-1

I'm working on some code using a web scraper in Python.

Given a website's source code, I need to extract relevant data points. The source code looks like this.

</sup>73.00</span> </td> </tr> <tr class="highlight"> <td><span class="data_lbl">Average</span></td> <td> <span class="data_data"><sup>
</sup>86.06</span> </td> </tr> <tr> <td><span class="data_lbl">Current Price</span></td> <td> <span class="data_data"><sup> </sup>83.20</span> </td>
 </tr> </tbody> </table> </div> </div> <!--data-module-name="quotes.module.researchratings.Module"--> </div> <div class="column at8-
col4 at16-col4 at12-col6" id="adCol"> <div intent in-at4units-prepend="#adCol" in-at8units-prepend="#adCol" in-at12units-prepend="#adCol

Here is the regex I'm using

regex = re.compile('Average*</sup>.....')

Which aims to get the 5 characters after the first "/sup" tag encountered after "Average", which in this case would be "86.06" (although I need to clean up the match before I'm left with just a float).

Is there a more elegant way of doing this that outputs the first float encountered after seeing the string "Average".

I'm very new to using regex and apologize if the question isn't clear enough.

ilim
  • 4,477
  • 7
  • 27
  • 46
td736
  • 23
  • 3
  • 1
    "Is there a more eleagant way of doing this" <- yes, use a html parser, don't summon Cthulhu. – timgeb Dec 12 '17 at 12:55
  • Possible duplicate of [RegEx match open tags except XHTML self-contained tags](https://stackoverflow.com/questions/1732348/regex-match-open-tags-except-xhtml-self-contained-tags) – Arne Dec 12 '17 at 13:00
  • Possibly answered here https://stackoverflow.com/questions/31638311/beautifulsoup-how-to-extract-text-after-specified-string – kmcodes Dec 12 '17 at 13:01
  • [Do.
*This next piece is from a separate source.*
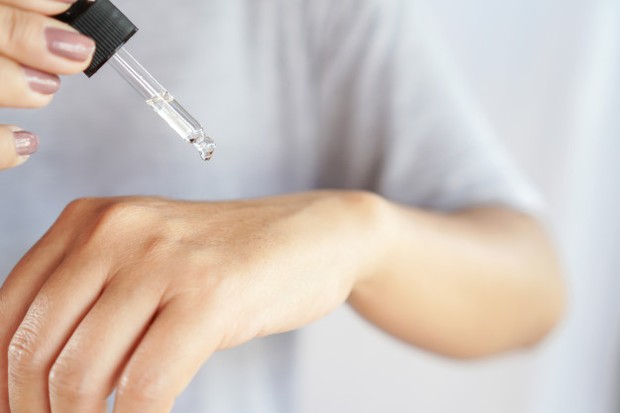 Vitamin C umumnya cukup aman dan dapat ditoleransi dengan baik, tetapi jika kamu memiliki kulit sensitif, hindari penggunaannya bersama dengan produk eksfoliasi seperti scrub atau acid.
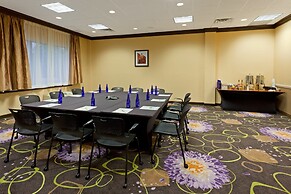 Holiday Inn Clark - Newark Area by IHG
Not. Parse. HTML. With. Regex.](https://stackoverflow.com/a/1732454) – zwer Dec 12 '17 at 13:43

1 Answers1

1

I've been able to achieve that using lookbehind assertions combined with ungreedy search:

(?<=Average).*?(?<=<\/sup>)([0-9.]{5})

This working example here

Explanation

  • ([0-9.]{5}): look for 5 chars combining 0 to 9 and dot, after three following points.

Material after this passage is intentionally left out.